▸ WORK INSTRUCTIONS
When you reach the line containing "Bicycle Trails of Iowa (Paperback, 2nd)", begin reproducing the lines exactly and continue through the end of the listing, leaving out the pictures.

▸ MATERIALS PROVIDED
++++++
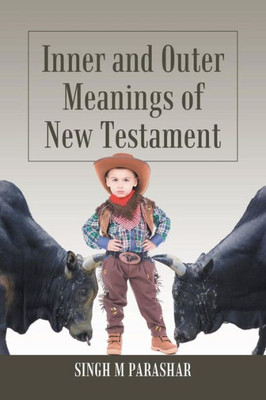 Inner And Outer Meanings Of New Testament
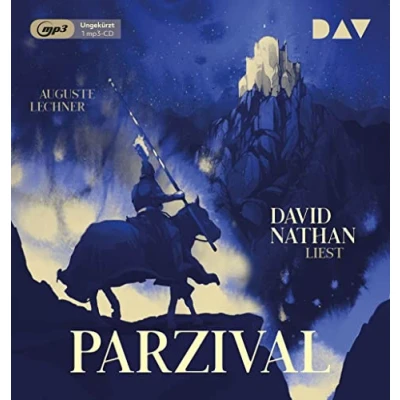 Abbildung von Parzival Auf der Suche nach Gralsburg: Ungekürzte Lesung mit Musik David Nathan (1 mp3 CD)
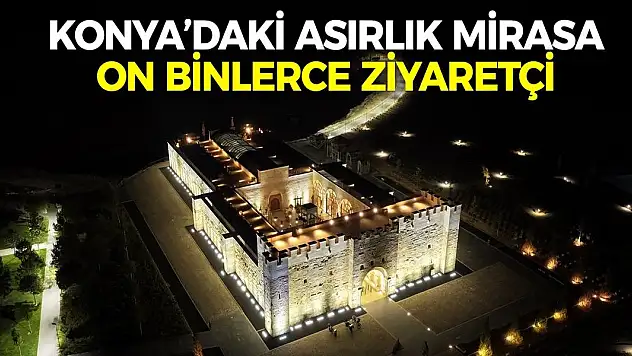 Konya'daki Asırlık Mirasa On Binlerce Ziyaretçi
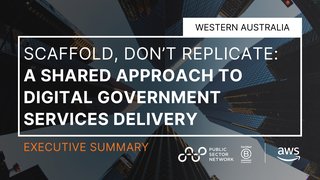 Scaffold, Don’t Replicate:  A Shared Approach to Digital Government Services Delivery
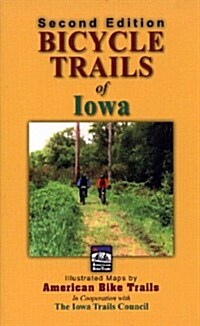 Bicycle Trails of Iowa (Paperback, 2nd)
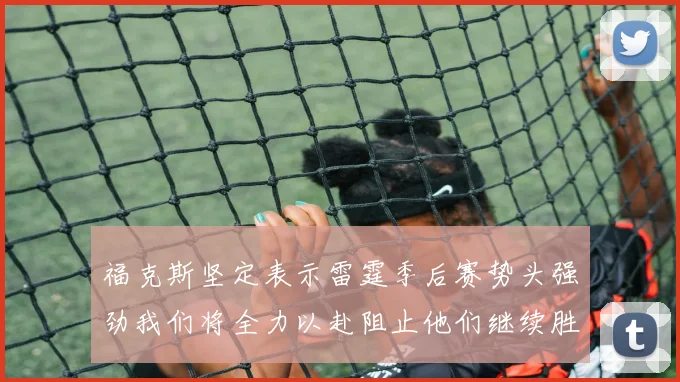 福克斯坚定表示雷霆季后赛势头强劲我们将全力以赴阻止他们继续胜利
++++++
▸ REPLY
 Bicycle Trails of Iowa (Paperback, 2nd)
 福克斯坚定表示雷霆季后赛势头强劲我们将全力以赴阻止他们继续胜利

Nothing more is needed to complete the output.